Your task ::
Lines from the one containing "一艘旧帆船停泊在码头图片" through the last line of the data are to be returned exactly, both ends included, minus any pictures.

Stored data ::
====

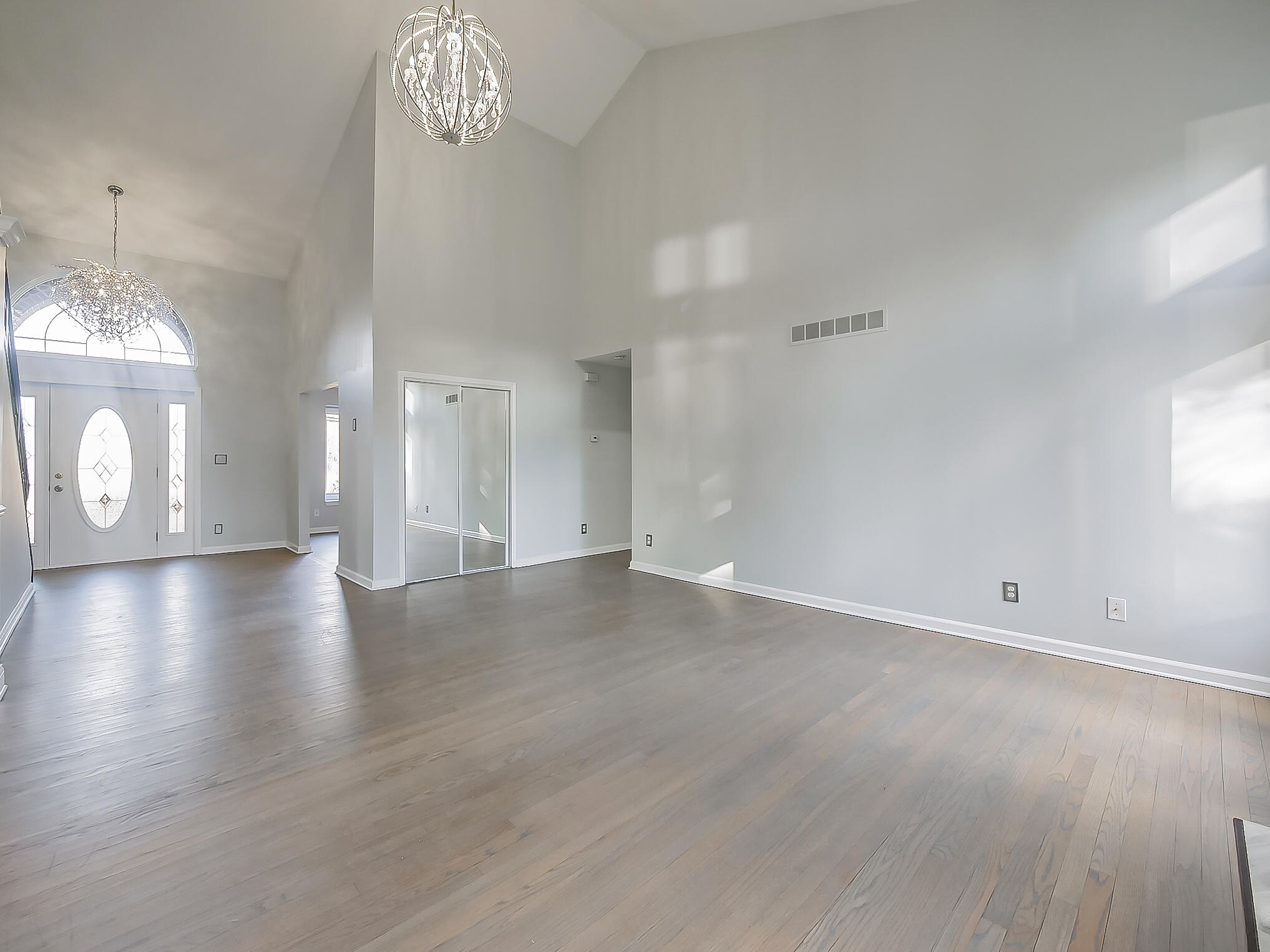 3345 East Commerce Road Commerce Township, MI 48382 - Photo 9 of 53 Main living area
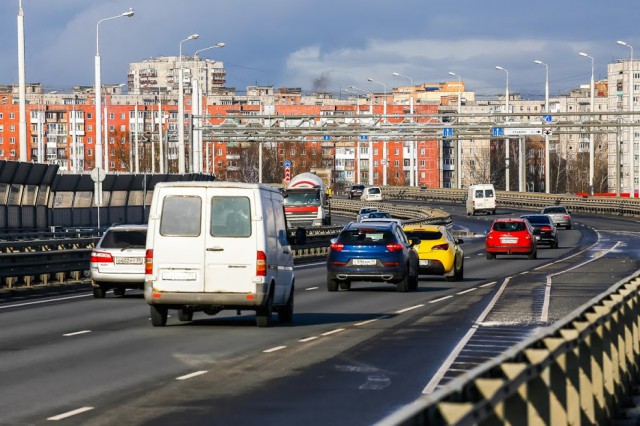Мэрия: За пять лет число машин в Калининграде выросло почти на 70%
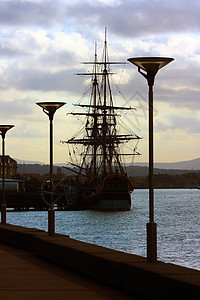 一艘旧帆船停泊在码头图片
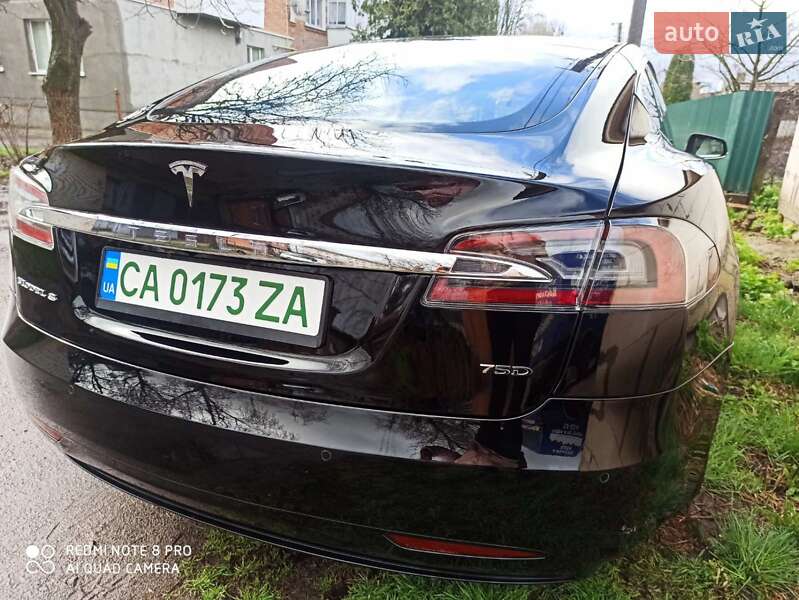 Лифтбек Tesla Model S 2017 в Умани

====

Output for this task ::
 一艘旧帆船停泊在码头图片
 Лифтбек Tesla Model S 2017 в Умани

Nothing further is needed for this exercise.